### [DIRECTIONS]
Your copy should match the listing below exactly, except that it holds no images.

### [DATA]
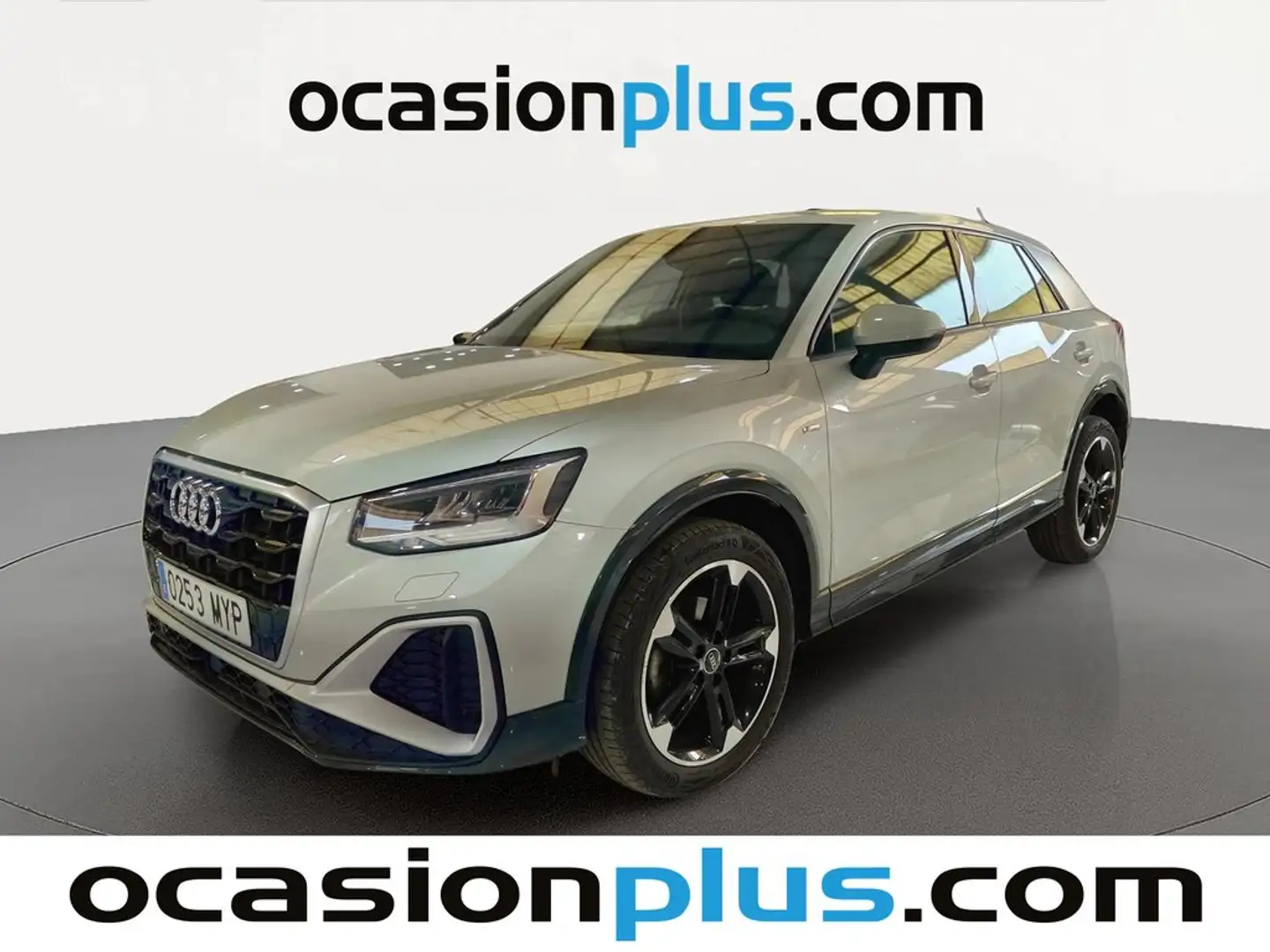 Audi Q2 35 TFSI S line S tronic 110kW Gris - 1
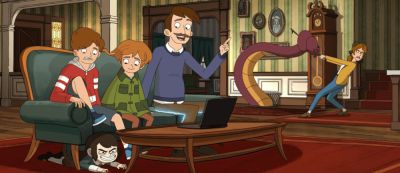 Демоны, зомби и призраки в трейлере мультсериала "Отель с привидениями" от сценариста "Рика и Морти" - gamemag.ru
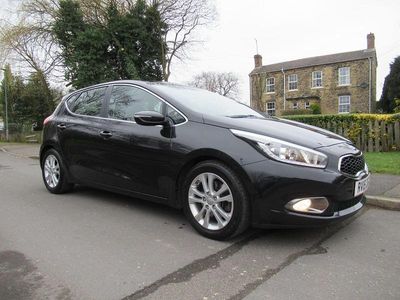 Used Kia Ceed 2015 Black Hatchback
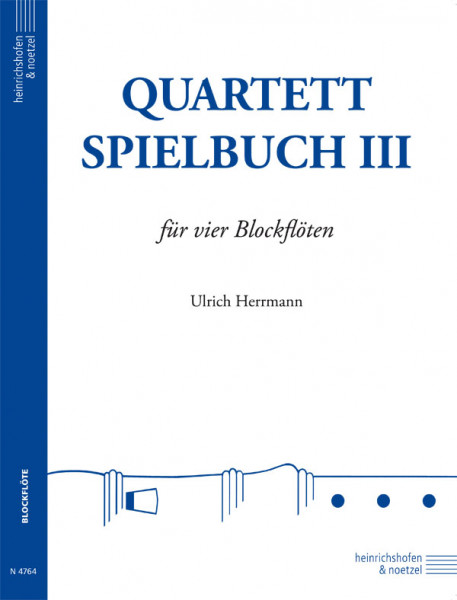 Quartett-Spielbuch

### [EXPECTED ANSWER]
 Audi Q2 35 TFSI S line S tronic 110kW Gris - 1
 Демоны, зомби и призраки в трейлере мультсериала "Отель с привидениями" от сценариста "Рика и Морти" - gamemag.ru
 Used Kia Ceed 2015 Black Hatchback
 Quartett-Spielbuch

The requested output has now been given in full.